_RECORDED DATA_
[Start of section]

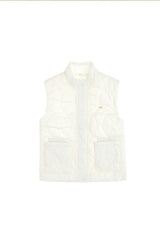 US POLO ASSN CK DOKUMA YELEK 2098654 - Krem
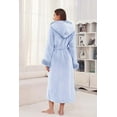 thumbnail image 4 of Heartnice Womens Hooded Plush Long Robe, Soft Warm Fleece Bathrobe for Women Fluffy Cute Spa Robe（ Light Blue, S/M）, 4 of 5
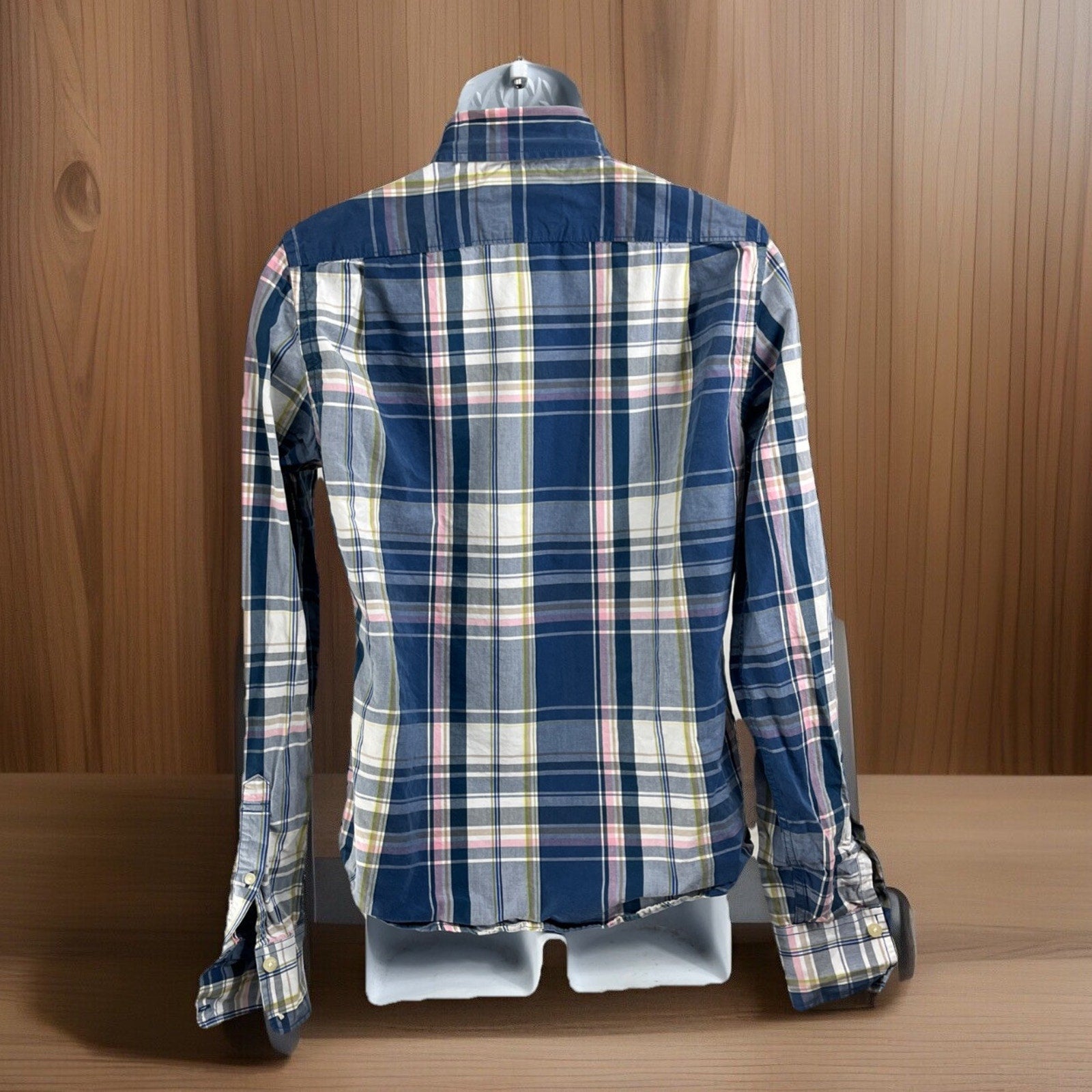 HOLLISTER Men’s Size S Button Front Shirt Long Sleeve Blue Pink Plaid Cotton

[End of section]

_YOUR GOAL_
From the first line to the last, return the material above exactly, apart from the pictures.

_RESPONSE_
 US POLO ASSN CK DOKUMA YELEK 2098654 - Krem
 thumbnail image 4 of Heartnice Womens Hooded Plush Long Robe, Soft Warm Fleece Bathrobe for Women Fluffy Cute Spa Robe（ Light Blue, S/M）, 4 of 5
 HOLLISTER Men’s Size S Button Front Shirt Long Sleeve Blue Pink Plaid Cotton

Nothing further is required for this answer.